Два дня спустя после завершения драмы с заложниками в Москве многие вопросы остаются открытыми. Следует ставить острые вопросы, но не нужно давать на них поспешные ответы. Сотни людей спасены. Кто знает, были бы они сегодня еще живы, прояви Путин бездеятельность? Кто может утверждать, будто штурм Театрального центра был альтернативой применению газа, что какой-нибудь из террористов не смог бы тогда взорвать себя вместе со взрывчаткой, которой он был обвешан? Ведь, в конечном счете, террористы пришли туда как камикадзе и были решительно настроены на массовое убийство.
Не будет преувеличением, рассматривать 23 октября 2002 года как 11 сентября России. Террористические акты против Всемирного торгового центра в Нью-Йорке и Пентагона в Вашингтоне были совершены камикадзе, которые хотели уничтожить по возможности максимальное количество безвинных людей. В Америке, как и в России, террористы хотели выразить свою ненависть к политически мощному, превосходно вооруженному в военном отношении противнику и одновременно дать ему прочувствовать его же собственное бессилие. То, что чеченцы в Москве увязывали захват заложников с политическими требованиями, ничего не меняет. Дело в том, что условие, чтобы Россия оставила Чечню боевикам, было невыполнимым, об этом не могло быть никаких переговоров даже под угрозой массовго уничтожения заложников.
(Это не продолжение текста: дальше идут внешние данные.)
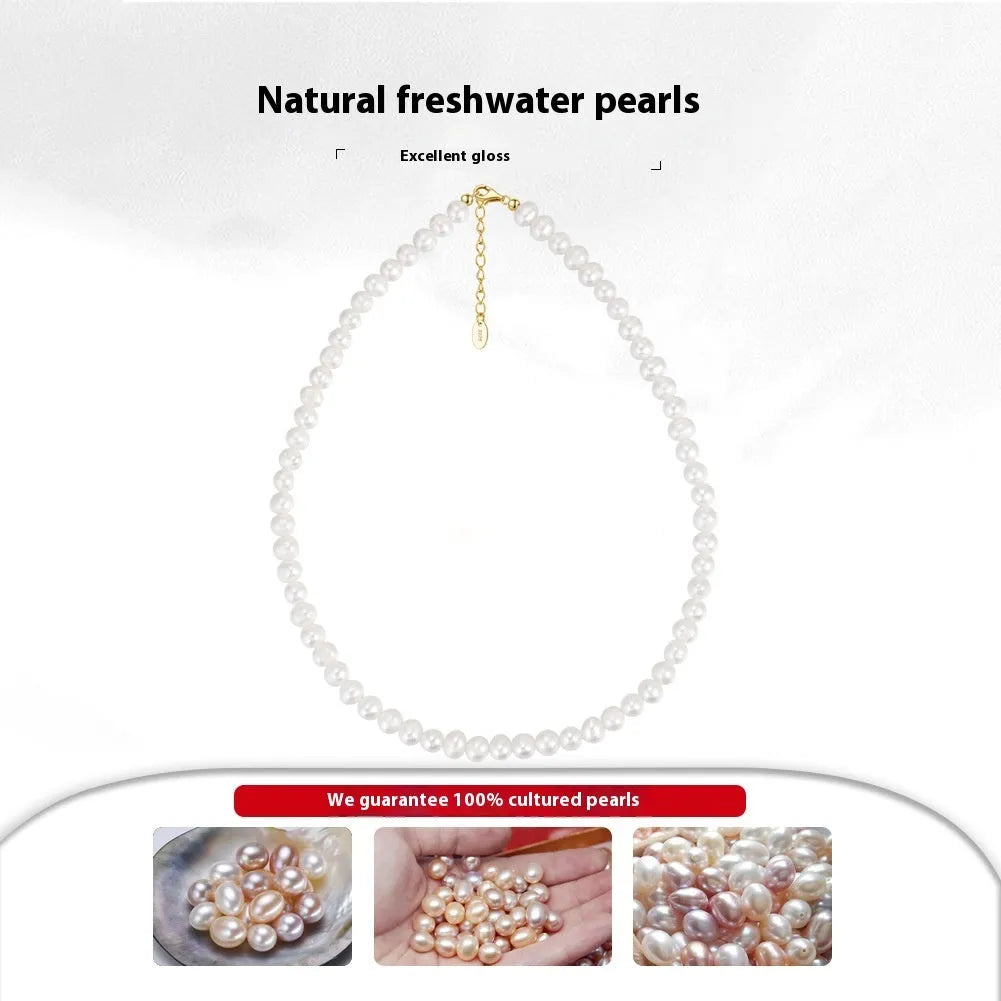 Silver adjustable necklace with freshwater pearl pendant on display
Владимир Путин сравнивал чеченский терроризм с бен Ладеном (Bin Laden) и его организацией «Аль-Каида» еще в момент террористических актов в Америке. Доказательств этому столь же мало, сколь мало и доказательств связей с ними Саддама Хусейна (Saddam Hussein). Все же возможно, что террор против Америки имеет мало общего с террором против России, как и террористические акты террористов-камикадзе в Израиле имеют мало общего с преступлением на Бали. Формы проявления терроризма в мире везде одинаковы, похожи политические корни и почти всегда свою роль играет религиозный фанатизм, ссылающийся на ислам. Но не существует организации или какого-то человека, играющих роль центра координации этого террора. Поскольку, если бы такой центр существовал, войну против терроризма можно было бы выиграть намного легче.
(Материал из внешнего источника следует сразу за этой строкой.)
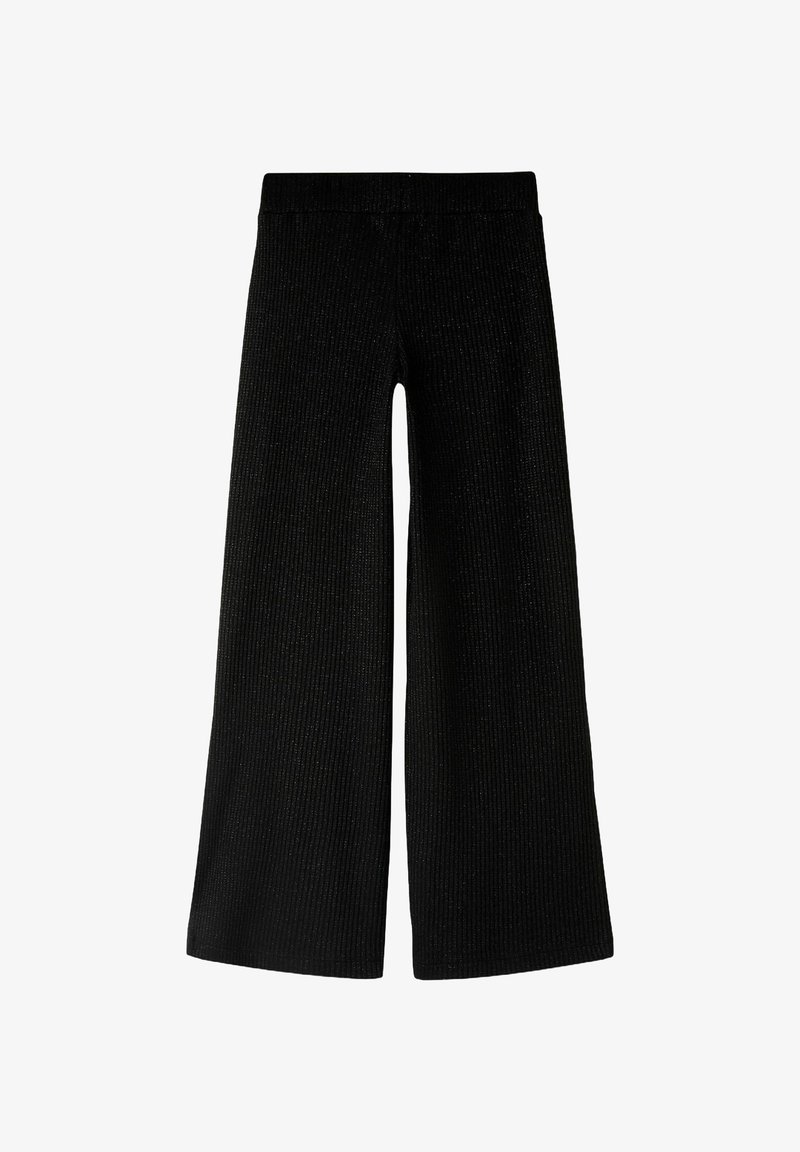 Mustad laia säärega püksid soonikkoes materjalist, millel on tekstuuriga viimistlus, kõrge vöökohaga ja nähtamatute kinnitustega.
Однако Путина в этой борьбе многое связывает с американским президентом Джорджем Бушем (George Bush). Оба воспринимают себя не преступниками, а бойцами. Для обоих борьба с терроризмом - дело не полиции, а военных. Буш ищет решительного сражения в Ираке, Путин будет его искать - еще раз - в Чечне. Бушу в военном плане легче выиграть «свою» войну: Америка уже однажды побеждала Ирак в первой войне в Персидском заливе, не доводя дело до захвата Багдада. Россия, напротив, однажды уже была унижена в Чечне.
В войне против террора мировая держава США и великая держава Россия будут в большей степени, чем прежде, делать ставку на военную силу. У европейцев, скажем, у скептически настроенных немцев, вряд ли есть идеи и еще меньше политического веса, чтобы ликвидировать «кризисную дугу», проходящую от Пакистана через Кавказ до Ближнего Востока и Магреба, путем разрешения региональных конфликтов дипломатическими средствами. А Организация Объединенных наций способна на это тем меньше, чем сильнее в этом замешаны два постоянных члена Совета безопасности. После 23-го октября, после кровавой драмы с заложниками в московском Театральном центре, в мире станет еще неспокойнее.